Se espera que los votantes se queden por un estrecho margen con la coalición de centroderecha. (Puede que los irlandeses encuentren un poco aburridos a sus pragmáticos centristas, pero no hay nada como ver las excentricidades de algunas alternativas en Estados Unidos y Europa para recordar que lo aburrido puede tener mucho de recomendable). Es probable que los grupos nacionalistas de línea dura y los independientes se abran paso, no lo suficiente como para afectar al equilibrio de poder, pero sí para hacerse un hueco en la política dominante.

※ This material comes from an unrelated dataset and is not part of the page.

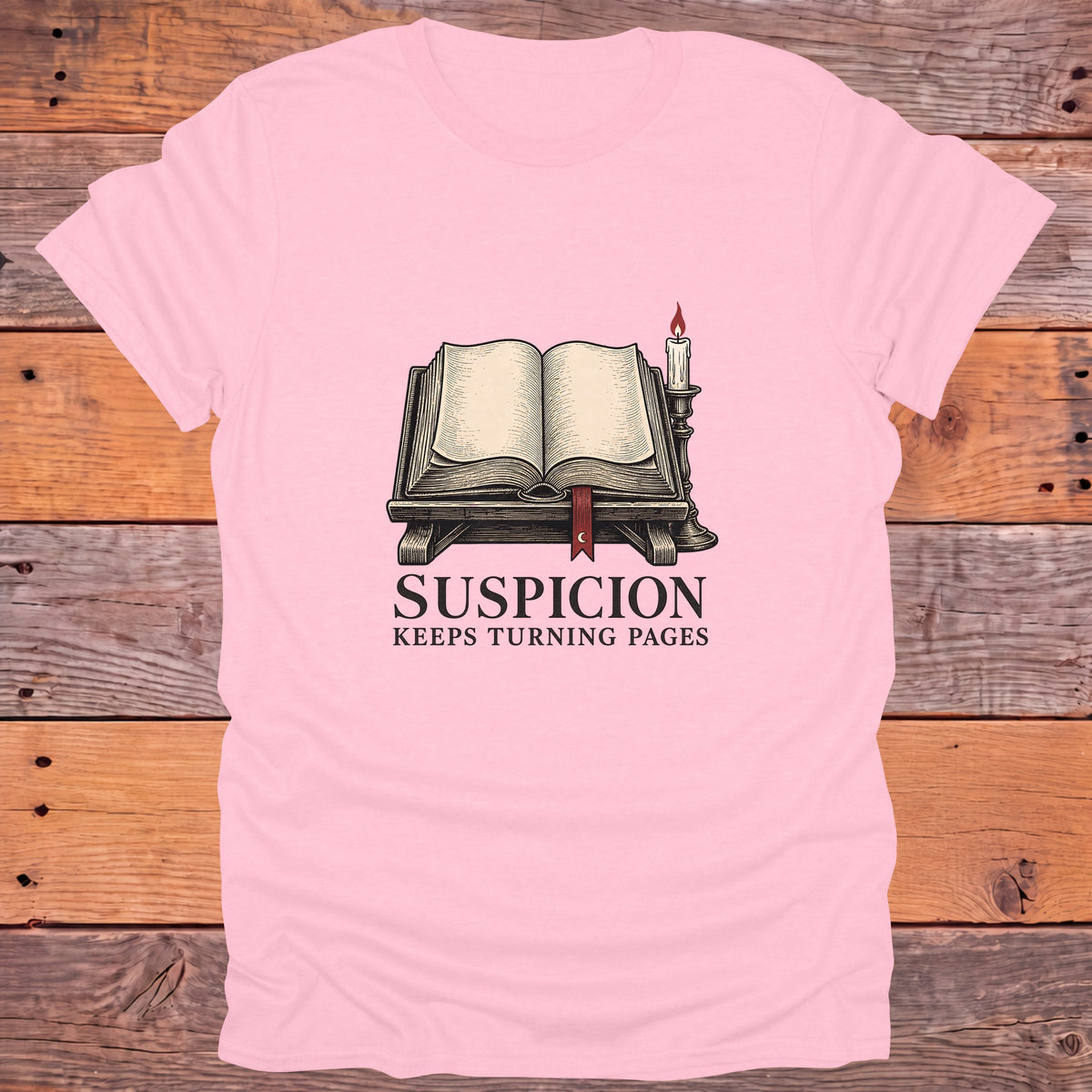 Suspicion Keeps Turning Pages Mystery Bookish T-Shirt - Light Pink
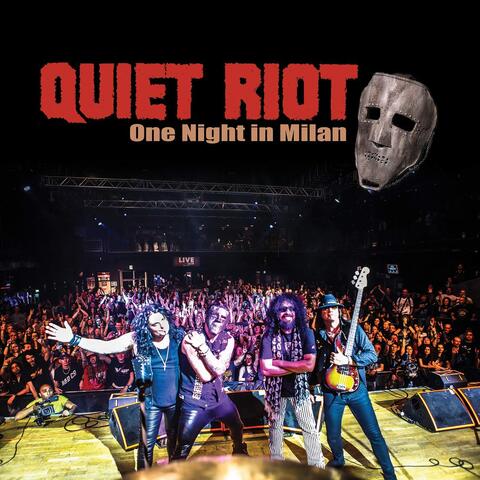 QUIET RIOT - Un nouvel extrait du prochain CD/DVD/Blu-ray live One Night In Milan dévoilé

El mayor perdedor podría ser el Sinn Féin, antigua rama política del Ejército Republicano Irlandés, que ganó el voto popular en las elecciones de 2020. Ya establecido como el partido más grande de Irlanda del Norte, tenía grandes esperanzas de poder liderar el próximo gobierno en Dublín, con promesas de repartir de forma más equitativa las ganancias inesperadas del impuesto de sociedades, solucionar la crisis de vivienda y avanzar en su preciada causa de una Irlanda unida. Pero se ha visto perjudicado por la competencia de la extrema derecha por los votos contrarios al establishment y por una serie de escándalos internos.
De lo que no hablan la mayoría de los políticos irlandeses, empeñados en ofrecer al electorado recortes fiscales y un mayor gasto, es del segundo gobierno de Trump que se avecina y de la amenaza de una guerra comercial entre Estados Unidos y Europa que podría encontrar a Irlanda en medio. Por ahora, fingen no ver lo que podría haber en ese horizonte.
Irlanda lo ha apostado todo a la globalización, una apuesta que hasta ahora le ha reportado ganancias atractivas. Pero no hay islas de satisfacción en océanos de inquietud política y económica.